- [How to complete this task]: Output the line that contains "Carlos Marum cobra" together with each line after it, through the final line of the listing below, word for word; omit pictures.

════════

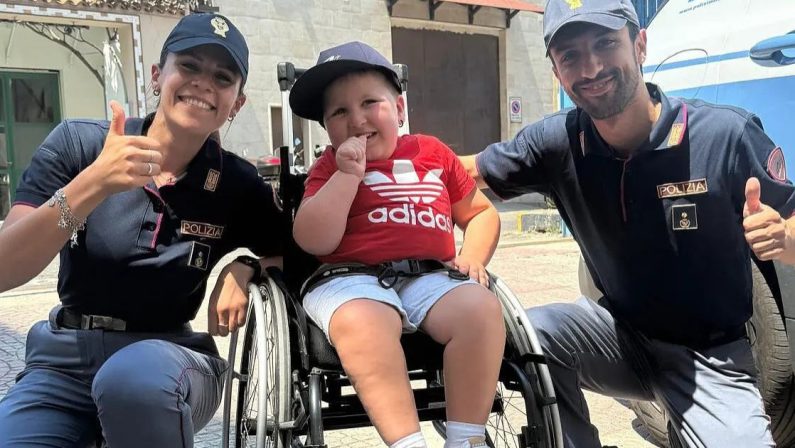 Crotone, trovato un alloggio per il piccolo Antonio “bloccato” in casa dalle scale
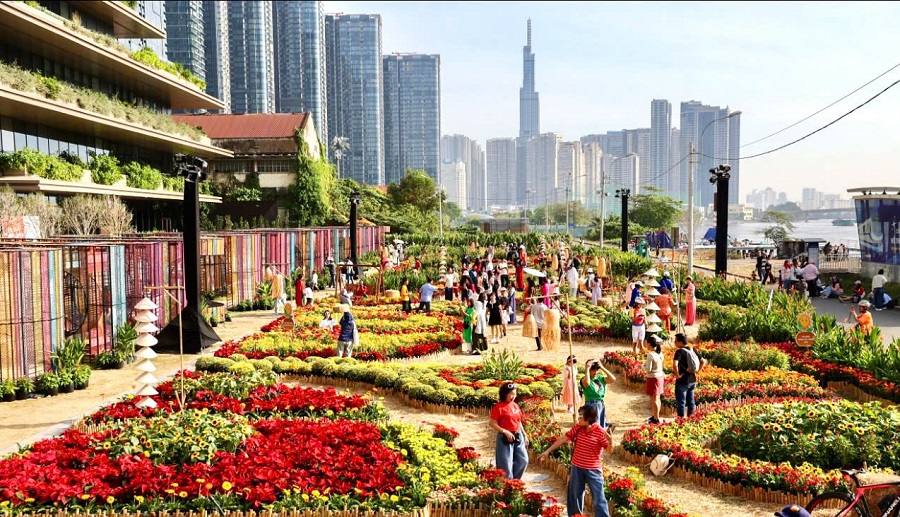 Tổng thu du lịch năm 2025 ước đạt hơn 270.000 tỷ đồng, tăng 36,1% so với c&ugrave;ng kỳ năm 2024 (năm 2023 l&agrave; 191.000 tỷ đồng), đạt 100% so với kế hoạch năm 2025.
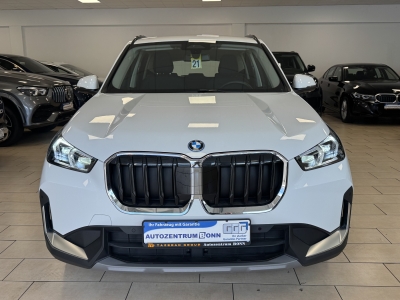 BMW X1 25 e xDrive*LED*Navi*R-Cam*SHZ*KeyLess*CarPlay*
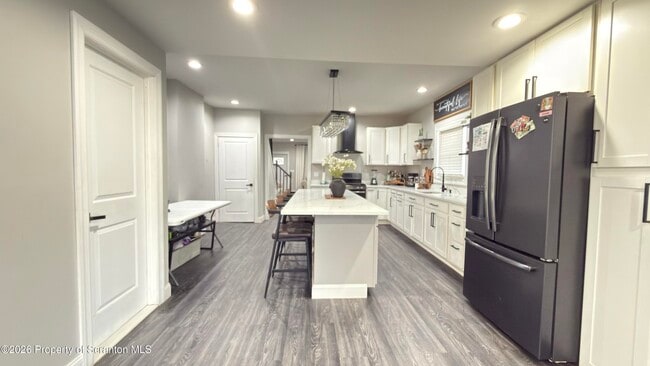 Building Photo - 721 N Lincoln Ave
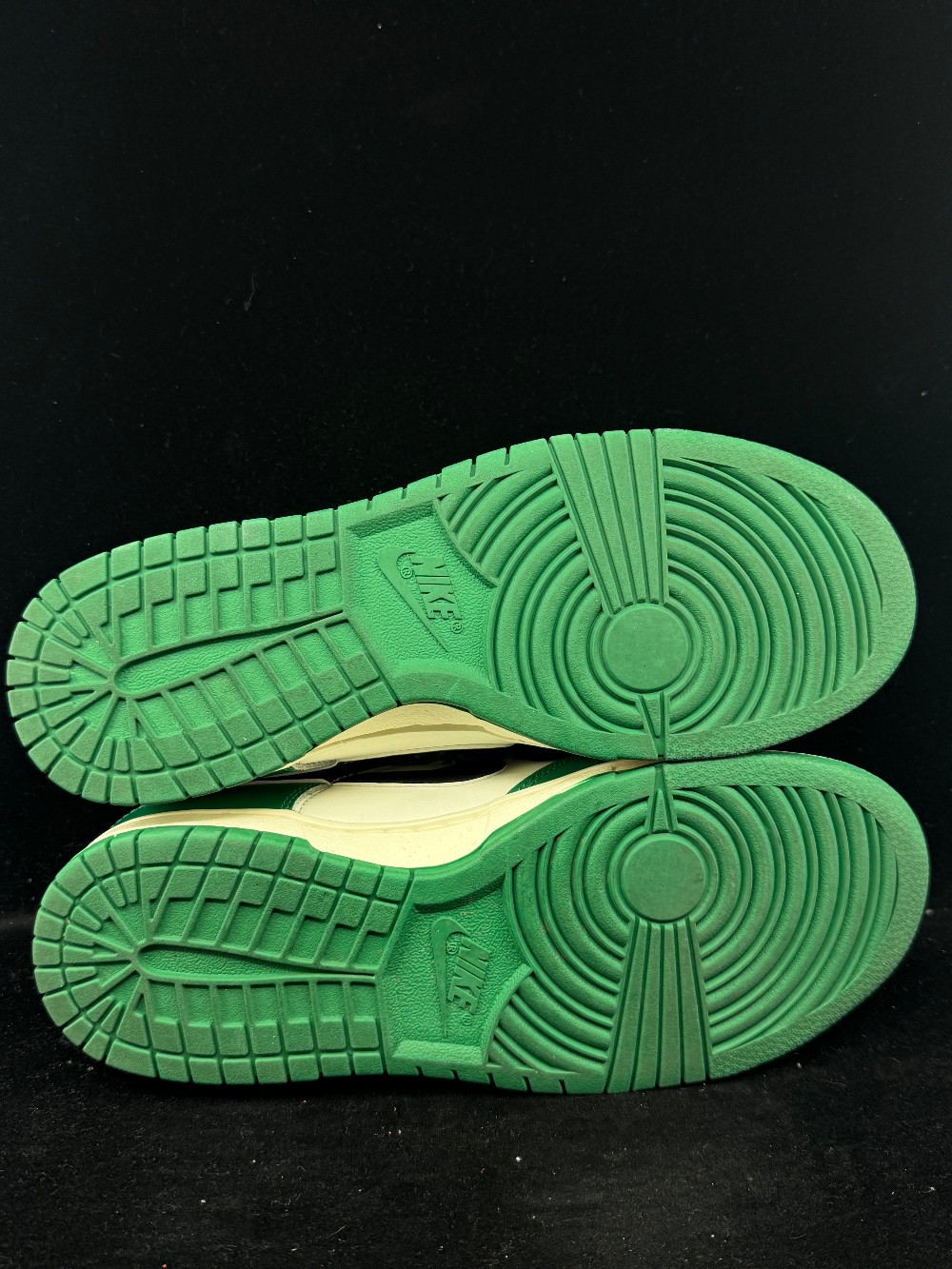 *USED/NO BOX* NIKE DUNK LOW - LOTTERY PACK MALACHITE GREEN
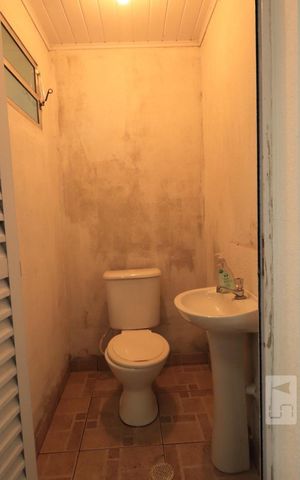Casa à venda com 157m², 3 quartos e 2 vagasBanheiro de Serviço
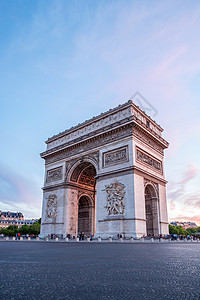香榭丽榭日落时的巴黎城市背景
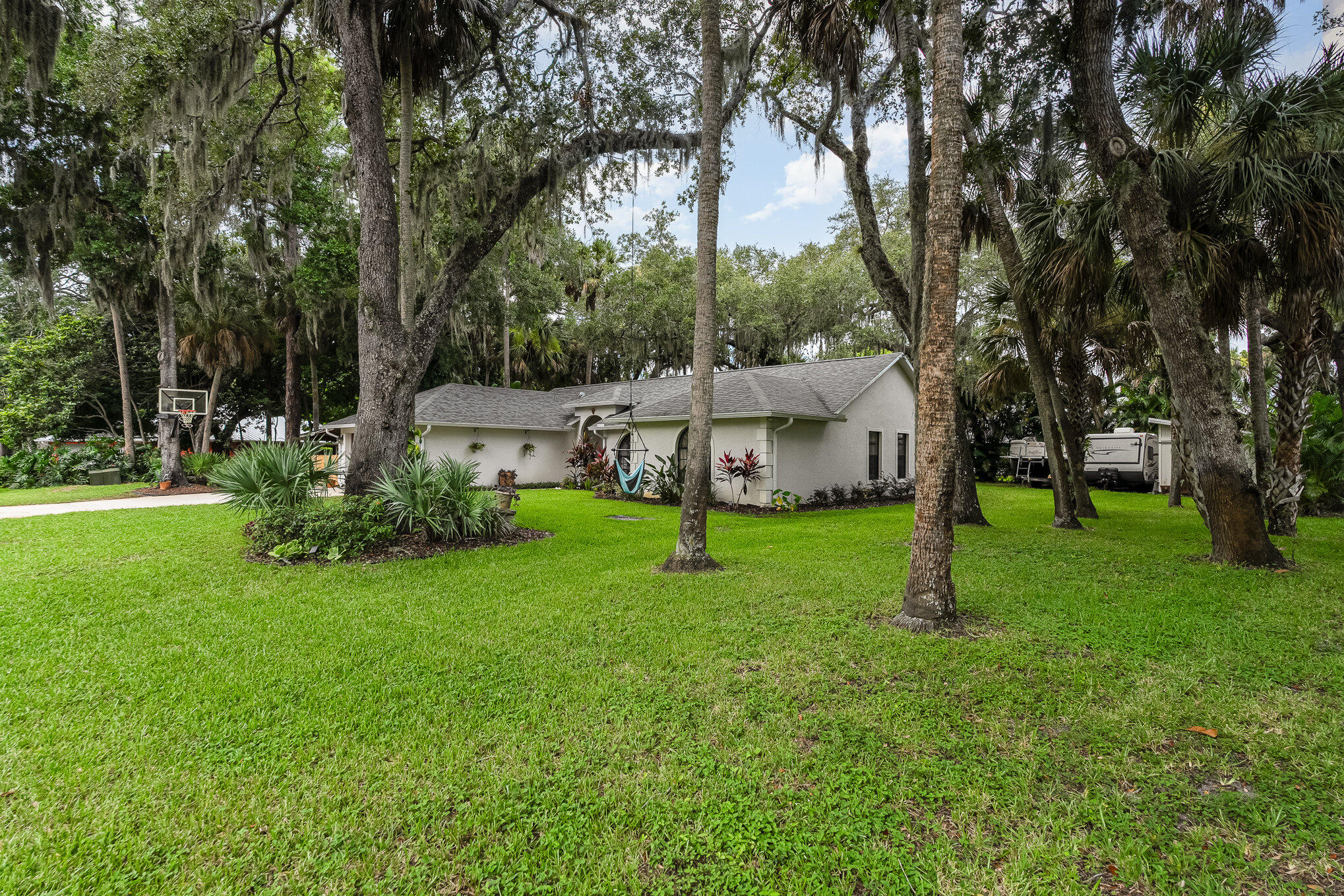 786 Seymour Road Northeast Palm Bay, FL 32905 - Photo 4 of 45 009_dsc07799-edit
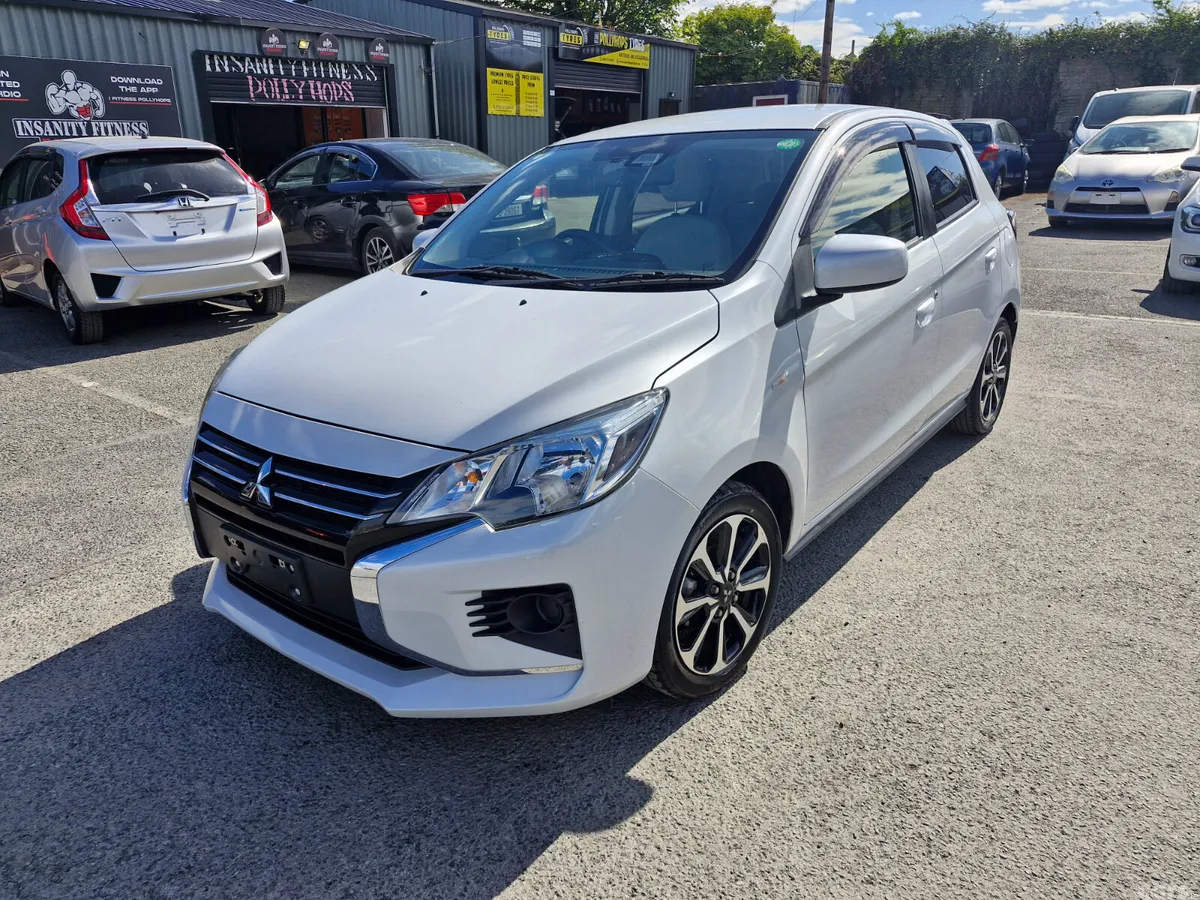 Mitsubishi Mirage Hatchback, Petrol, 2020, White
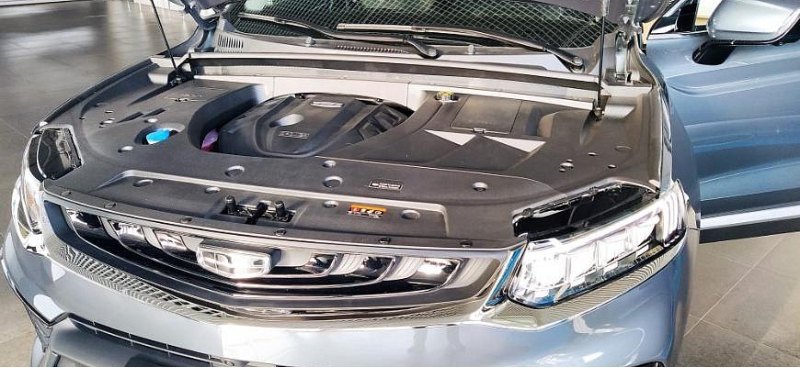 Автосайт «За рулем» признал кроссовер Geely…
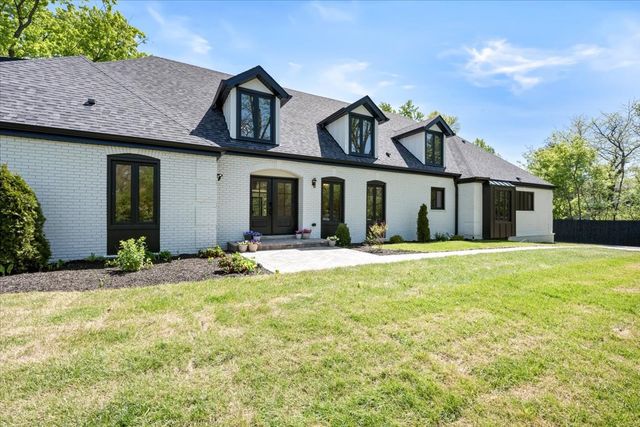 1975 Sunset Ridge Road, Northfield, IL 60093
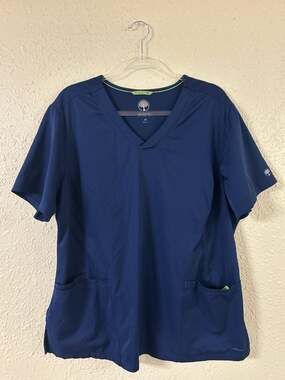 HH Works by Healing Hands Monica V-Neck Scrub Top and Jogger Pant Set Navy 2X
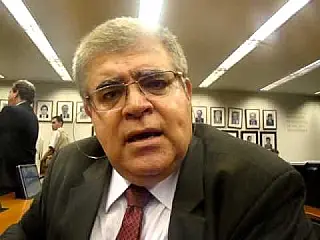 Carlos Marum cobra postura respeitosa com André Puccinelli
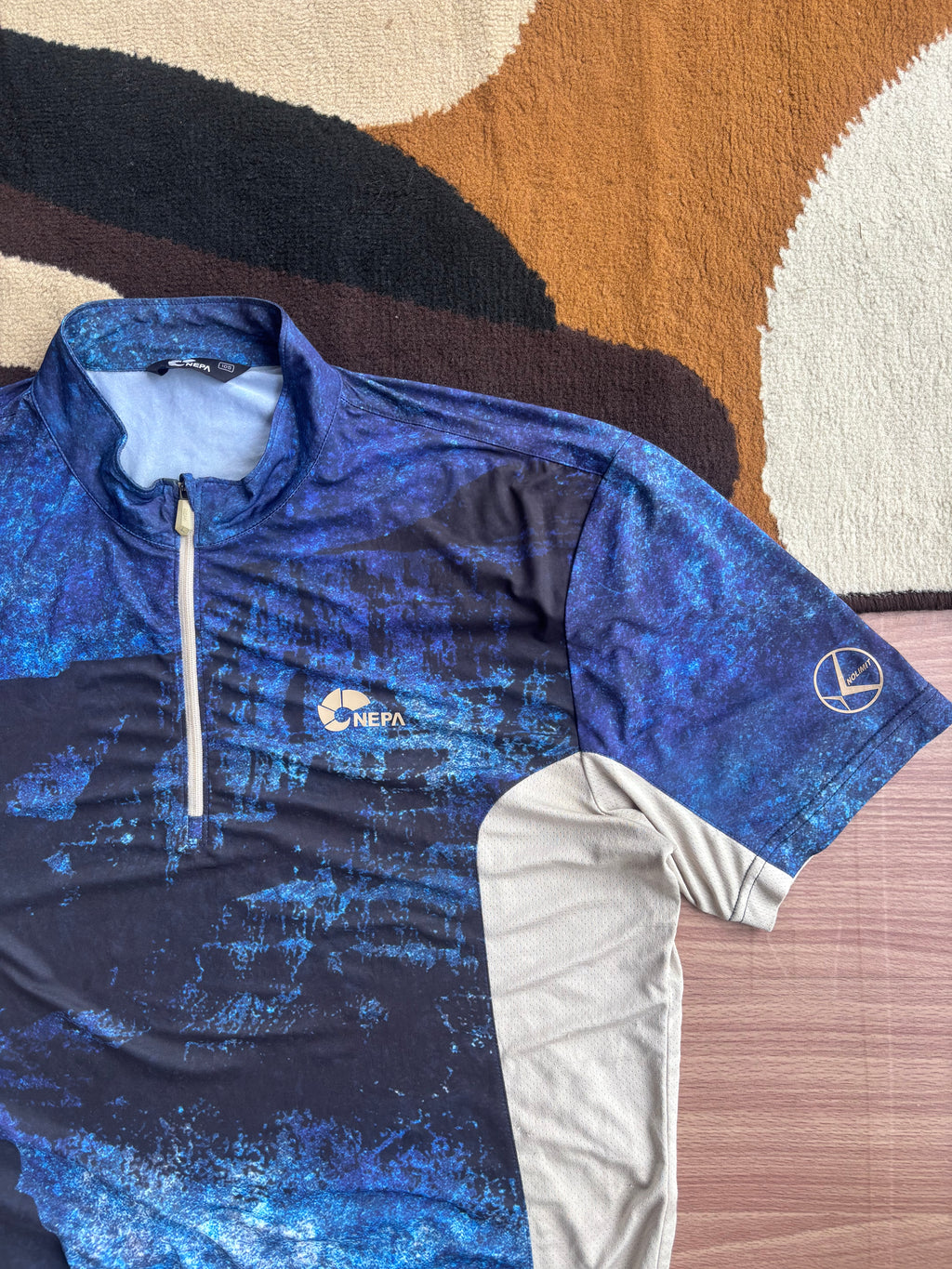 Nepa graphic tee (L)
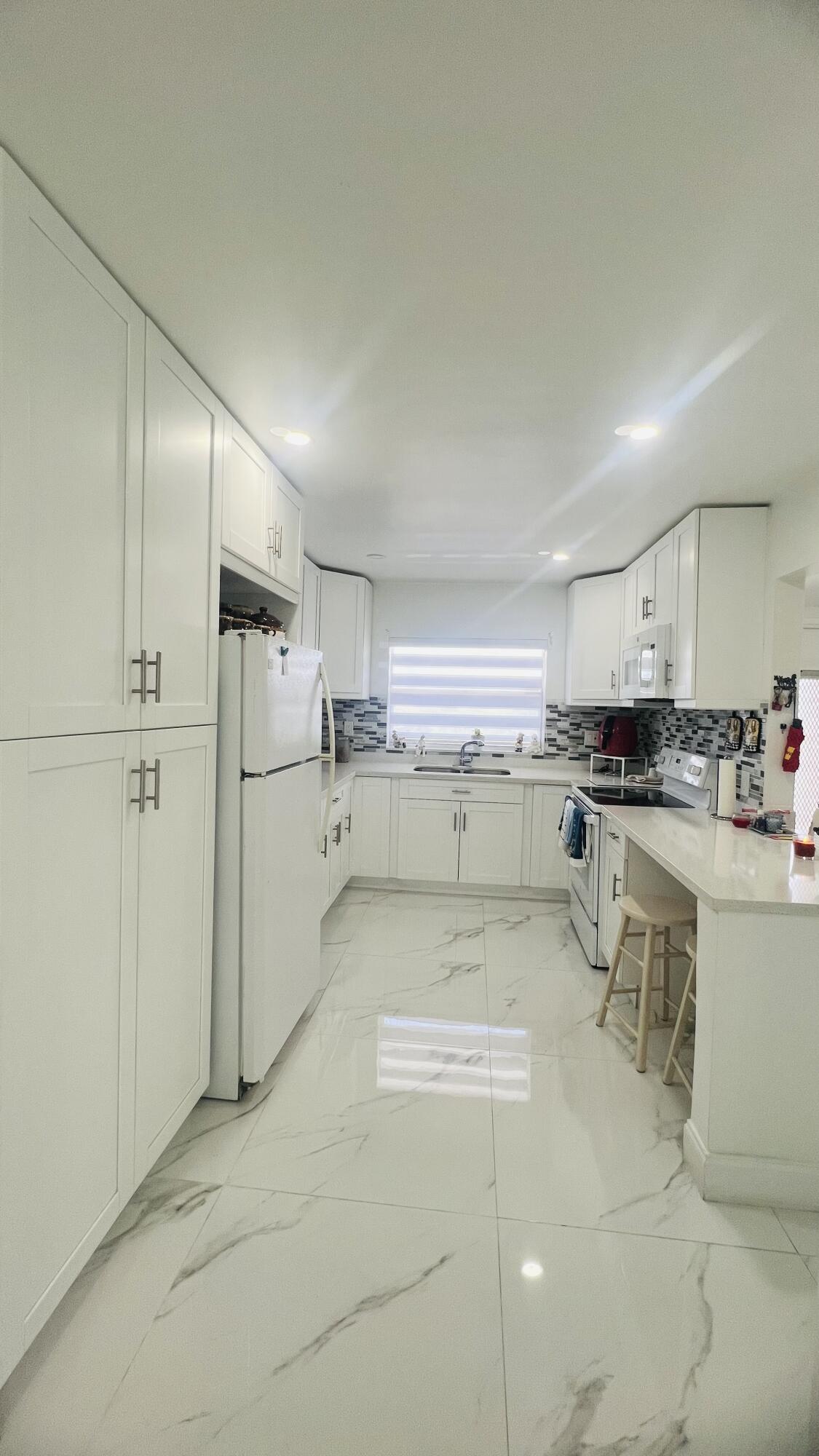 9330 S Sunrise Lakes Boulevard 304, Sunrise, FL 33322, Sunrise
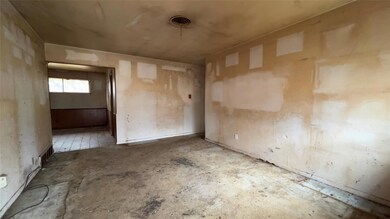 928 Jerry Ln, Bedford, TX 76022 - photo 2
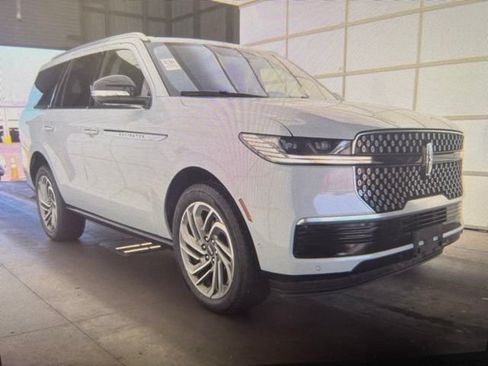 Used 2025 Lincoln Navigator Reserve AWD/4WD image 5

════════

- [Response to the exercise]:
 Carlos Marum cobra postura respeitosa com André Puccinelli
 Nepa graphic tee (L)
 9330 S Sunrise Lakes Boulevard 304, Sunrise, FL 33322, Sunrise
 928 Jerry Ln, Bedford, TX 76022 - photo 2
 Used 2025 Lincoln Navigator Reserve AWD/4WD image 5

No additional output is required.